● THE PROBLEM
Would you print only the lines running from the one with "VTG Garden Window Frame picture frame" to the final line of the data below, word for word and without pictures?

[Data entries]
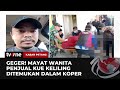 Polisi Olah TKP Kasus Mayat Wanita di dalam Koper | Kabar Petang tvOne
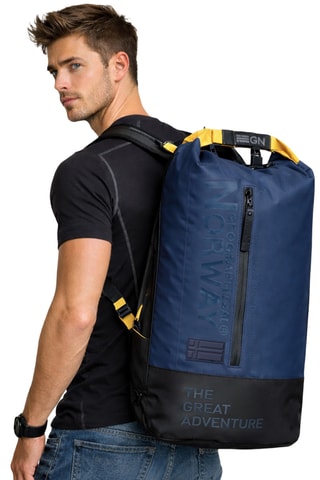 Sac à dos technique - Bleu et noir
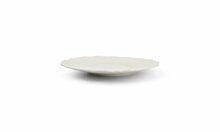 Plat Bord 21,5 cm White Floret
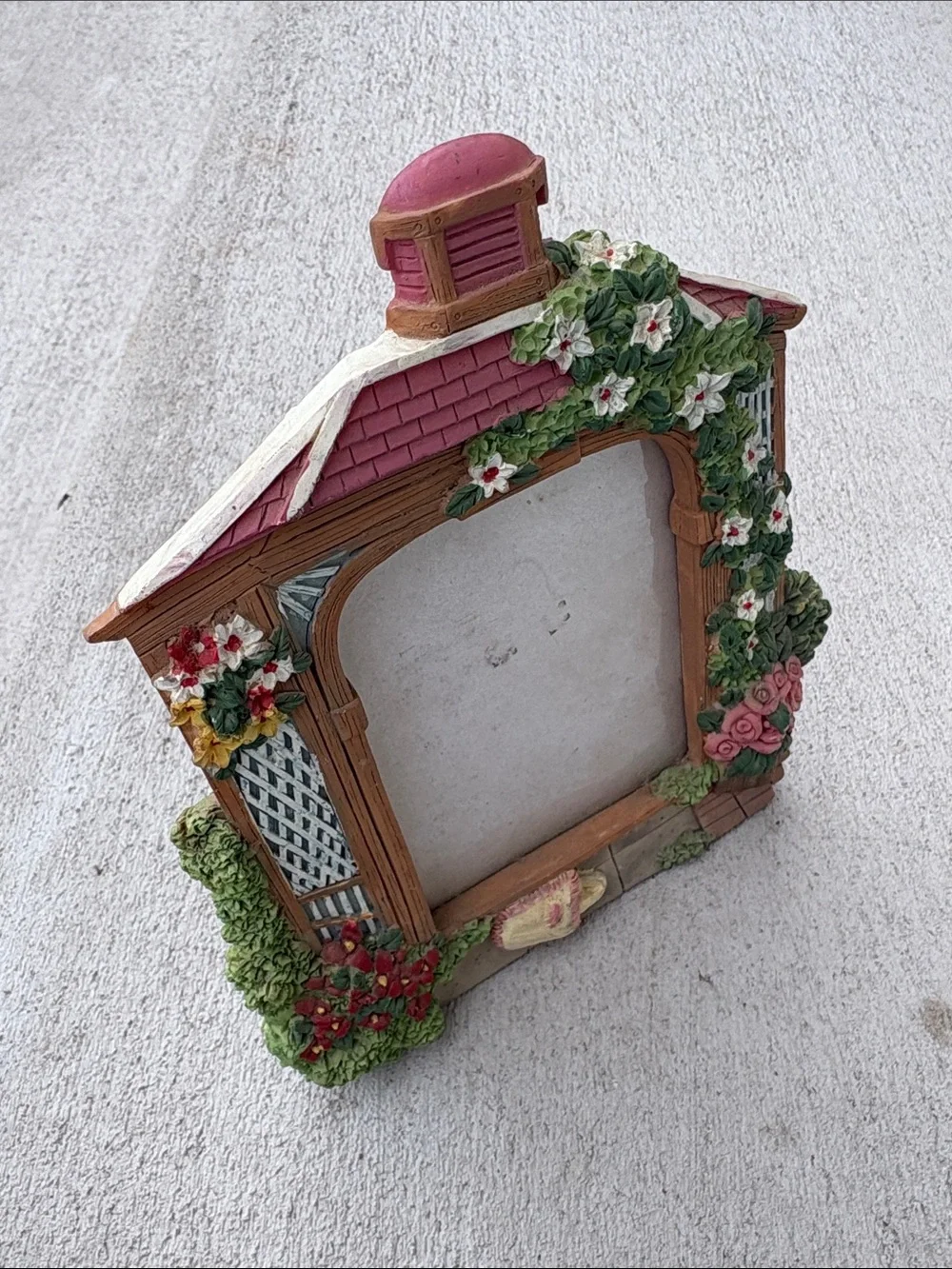 VTG Garden Window Frame picture frame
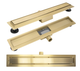 Душевой канал Rea Neox 90 см brushed gold REA-G4895 - изображение 1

● ANSWER BOX
 VTG Garden Window Frame picture frame
 Душевой канал Rea Neox 90 см brushed gold REA-G4895 - изображение 1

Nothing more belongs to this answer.